Multiculturalismo e ghettizzazione
E ancora ragazze che improvvisamente mettono il velo, perché se è vero che questo indumento viene anche imposto, è altrettanto vero che in molte lo adottano liberamente per affermare una propria identità, e spesso – non sempre – diventa un simbolo politico dell’adesione all’islamismo. In Tunisia, per esempio, alcune ragazze universitarie contrarie al presidente Ben Alì indossano il velo per mostrare il loro appoggio ai movimenti islamisti, unici veri oppositori al regime. Questo fenomeno non è quindi da sottovalutare.
Quando pertanto leggo sulle pagine dei quotidiani italiani il dibattito sulla concessione della cittadinanza agli immigrati dopo cinque anni di residenza, rimango un po’ attonita. Infatti, dalle dichiarazioni di questi giorni sembra che dimezzare il tempo di attesa sia di per sé un elemento che faciliti automaticamente l’integrazione dell’immigrato. Ma forse altro non è che un escamotage per non trattare in maniera appropriata vere politiche di integrazione, che ancora mancano.
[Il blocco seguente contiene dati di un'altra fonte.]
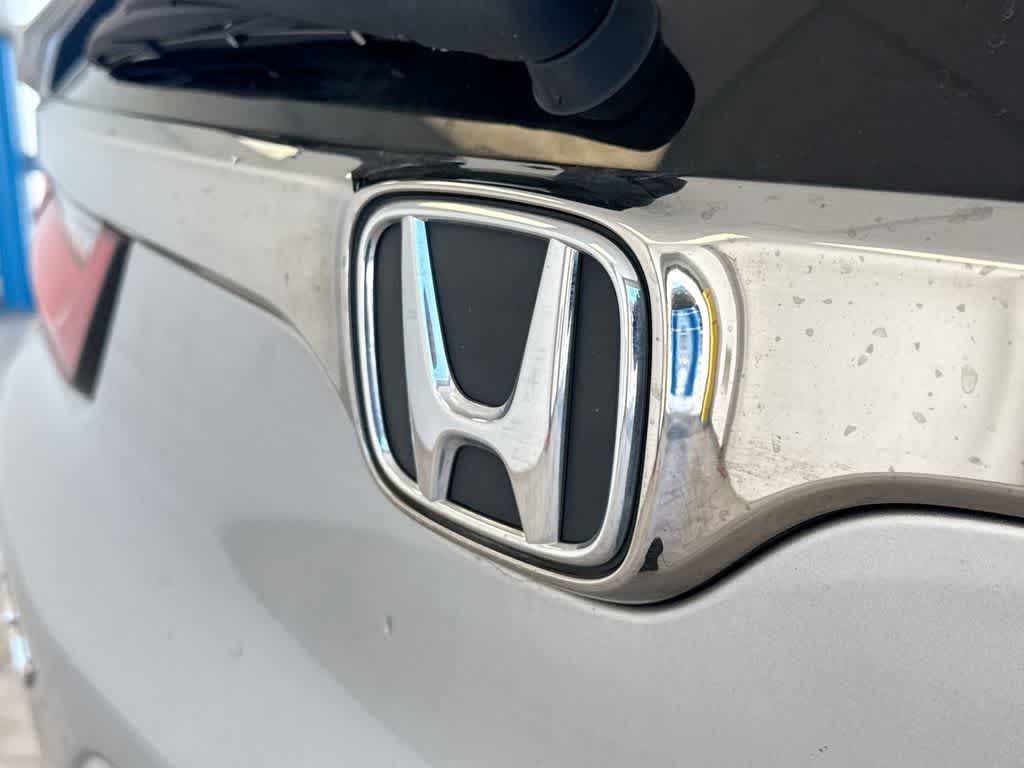 Thumbnail: 2020 Honda CR-V - 13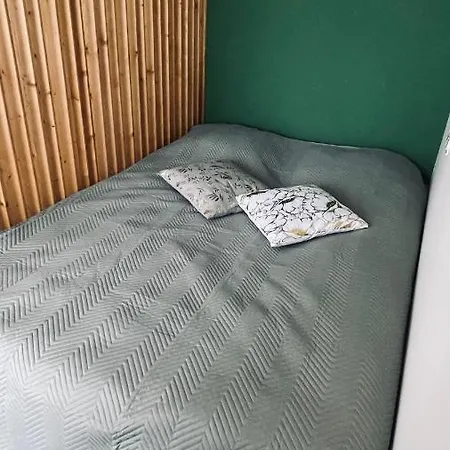 Ozo Flat Appartement Vilnius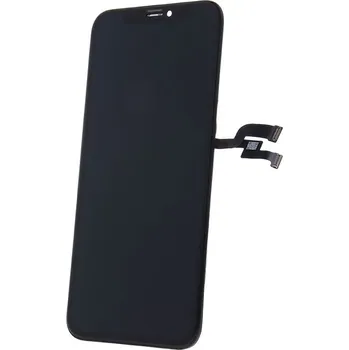 oem LCD displej s dotykovou obrazovkou iPhone X HARD OLED GX COF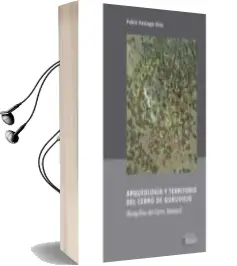 Descargar AudioLibro Arqueologia y Territorio del Cerro de Guruviejo (Burguillos del Cerro, Badajoz) de Pablo Paniego Diaz año 2015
C’è invece la necessità, per esempio, di promuovere corsi di italiano e di alfabetizzazione gratuiti, di creare modelli e attività sociali per i figli di immigrati, di istituire centri di aiuto ed empowerment per le donne immigrate, di controllare le moschee, di formare imam che abbraccino scuole di pensiero moderno, eccetera (la lista è lunga e avrebbe bisogno di un altro articolo).
Senza l’adozione di politiche reali che permettano all’immigrato di fare propria l’identità italiana, tutto rimarrà uguale, che la cittadinanza venga data prima o dopo. Continueremo soltanto a vantarci inutilmente di vivere in un’Italia “multiculturale”, quando il multiculturalismo senza integrazione ha sempre creato soltanto ghettizzazione. E avremo altri padri come quello di Sanaa, che uccideranno le loro figlie, ma questa volta con la cittadinanza italiana.